国鉄・私鉄共に数ある200形電車から山陽電鉄200形を取り上げてます。

トリは電機、秩父鉄道で1000t貨物列車を牽引する1963年製新鋭機です。


◆作品グラフ&製作記 C54
作品グラフ最初は記念号表紙を飾ったサウンドシステム搭載C54です。

久保田氏は当時TMSに作品発表されるスクラッチビルダーの中で群を抜いた存在で、TMSでは東武のネルソンや国鉄8850型を発表されてます。 卓越した工作力で精巧や細密と言うより精緻なモデル製作者でした。

C54選択理由が判明、C51キットベースの加工だったからです。 とは言え元キットから流用したのは台枠とボイラー程度、動輪までも交換し結果的にはキット加工が逆に足枷になったと書かれてます。 作者は関東在住でC54は関西出張の際数度見かけただけで全車廃車になり、武骨でも優美でもない線の細いか弱さに魅力を感じたそうです。

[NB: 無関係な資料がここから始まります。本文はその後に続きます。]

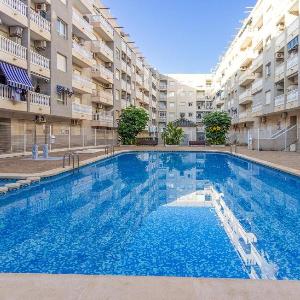 Beach Front Apartment In Torrevieja With Wifi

製作記は本文8ページを使い掲載されてます。 C51キット加工C54作例は先行事例があるので重複部分を省略し、特に工夫した部分に的を絞っての紹介でこれだけの分量になります。

アップ写真で工作のアラが目立たず鑑賞に耐える模型車両は中々ある物ではありません。

半年ほどでキット改造を終え、その後機能追加し、更に気に入らない部分を作り直し、足掛け5年で完成しての発表です。

こうやって細部を見せられると溜息しか出ません。 鉄道模型マニアには他人がやらない事をやりたいという気持ちがあり、それは現在でも変わりません。 自慢したい訳ではなく、各人のこだわりを一手間加えて自分だけの物を作ったという自己満足だと思います。

久保田氏も同様な事を書かれており、C54ではラジアスロッド可動装置を2度作り直して実現されてます。 その為にロッド・リンクを作り直し、可動機構を組み込んでます。

後退運転時に実物通りラジアスロッドが作動する、言ってしまえばそれだけの差なのですが、何にこだわり何を重視するかは他人が口を差し挟むべき物ではありません。 力を注いだこだわり部分が上手くできたと満足する、ビョーキっぽい部分が誰にもある様です。

製作記の中で脱着式スノーブロワが紹介されてます。 0.3t/0.5tの真鍮板製、全てイモ付け半田で組んで歪まないこの出来栄えにも目が点です。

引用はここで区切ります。